The Communication Workers Union, Customs Union and the Democratic Postal and Communications Union are continuing negotiations with Sapo management. Sapo workers, who say they have not received a wage increment in three years, are demanding a 12% wage increase.
Communication Workers Union president Clyde Mervin said they had a meeting with the telecommunications minister on Tuesday to address their issues.
“Post Office employees work under terrible conditions, working in bad structures and some branches have to go to neighbours to relieve themselves as some branches do not have toilets,” said Mervin
He added: “Wage increment is not the only struggle that these employees face.”
In meeting with the employer, the Sapo workers were offered an increment from 0% to 10%, as negotiations intensified at the Commission for Conciliation, Mediation and Arbitration (CCMA) in Johannesburg. Sapo said they could not afford a 12% wage increment. The Western Cape, Democratic Postal and Communications Union’s secretary general, Luthando Mashiya said they would continue with the strike until their demands were met.
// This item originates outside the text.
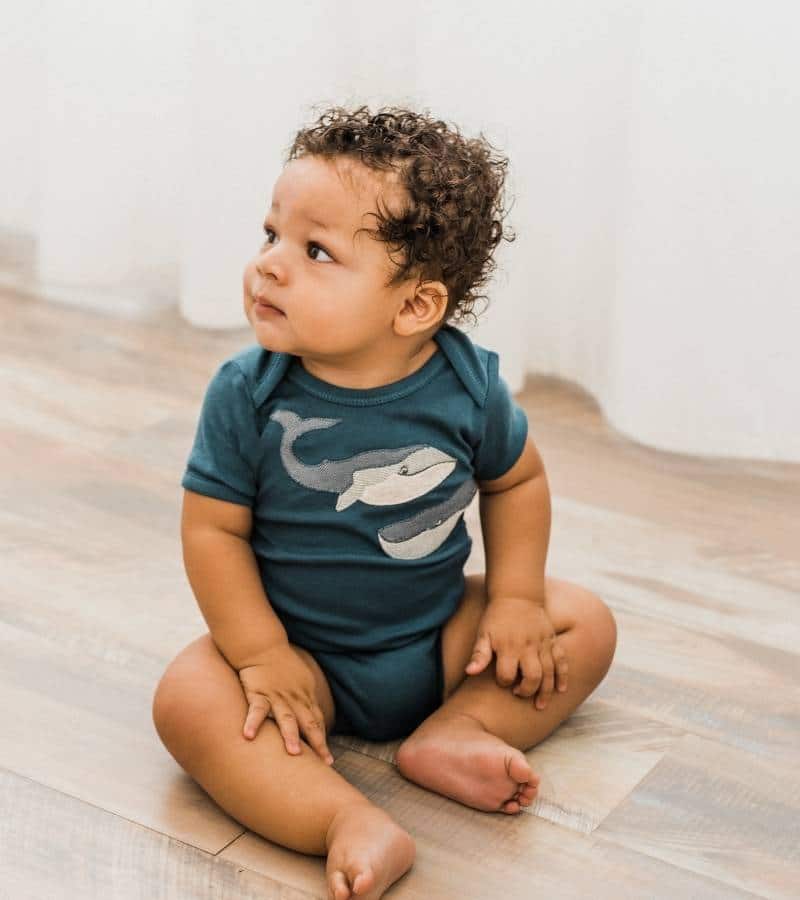 Baby Boy Sitting on a Wood Floor Wearing the Organic Cotton Applique Whale One Piece by Milkbarn Kids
A Sapo employee, Ashville Samuels, who has been working for the post office for 27 years is angry and sad about their treatment as employees.
“There is an overload of work. We work overtime but we are not paid well,” he said.
Another employee Thembelani Mbokotwana, who has been working for Sapo for more than eight years said, “I have been working as a delivery guy. We have no tools in my department. We have a limited number of bicycles.”
A Sapo spokesperson, Martie Gilchrist, said, “The stakeholders will all meet with the government to find ways of developing a sustainable solution.”
“The Labour Court in Johannesburg on Monday granted an interdict against striking employees of the Sapo in terms of which striking employees are prevented from harassing, interfering with or intimidating workers that are not on strike,” said Gilchrist.